The preliminary report raises as many questions as it answers, prompting committee Chairman Jim Graham (D-Ward 1) to request that the council grant him subpoena authority so he can compel more witnesses to testify. “It is only by that authority that we will be able to obtain information necessary to the objectives of this investigation,” the report states.
The committee examined how Thomas was able to divert money through the trust. Its conclusions come amid federal investigations into donations to Mayor Vincent C. Gray’s 2010 campaign and contributions to several council members.
“Former Council member Thomas is being held accountable for his actions,” the report states. “However, we find that his criminal actions could not have occurred without the actions of Trust staff and perhaps others.”
The report, a copy of which was obtained by The Washington Post, portrays the trust as an organization that gave Thomas preferential treatment and did not abide by its own rules, inappropriately accelerated payments to a group Thomas controlled, had lax oversight over how taxpayer money was used, and succumbed to influence from a top Thomas staffer, Neil Rodgers.

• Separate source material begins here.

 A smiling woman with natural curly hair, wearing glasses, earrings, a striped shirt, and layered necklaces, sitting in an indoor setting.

The council’s analysis also questions whether Gray, then council chairman, and council member Tommy Wells (D-Ward 6), who then headed the Human Services Committee, should have more closely scrutinized Thomas’s interaction with the trust.

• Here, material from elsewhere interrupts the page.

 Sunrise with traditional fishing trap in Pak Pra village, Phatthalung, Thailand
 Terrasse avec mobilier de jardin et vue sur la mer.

The nonprofit was created in 2000 by Mayor Anthony A. Williams as a quasi-public agency that would more efficiently get public and private dollars to support disadvantaged youth.
Thomas’s scheme began after he convinced his colleagues to approve $400,000 in 2007 for “youth baseball programs” as part of $12 million in earmarks council members awarded to favored projects. But the report, based on more than 1,500 e-mails and numerous interviews, concluded that Thomas’s earmark was the only one approved by the council “with no specific grantee.”
“Those responsible for close supervision of [the budget] were surely aware of this anomaly,” the report states.
Wells, according to the report, recalls meetings with Gray “directly relevant to these issues” in 2007 and 2008. But Wells, the report states, now “has an uncertain recollection of what was said.”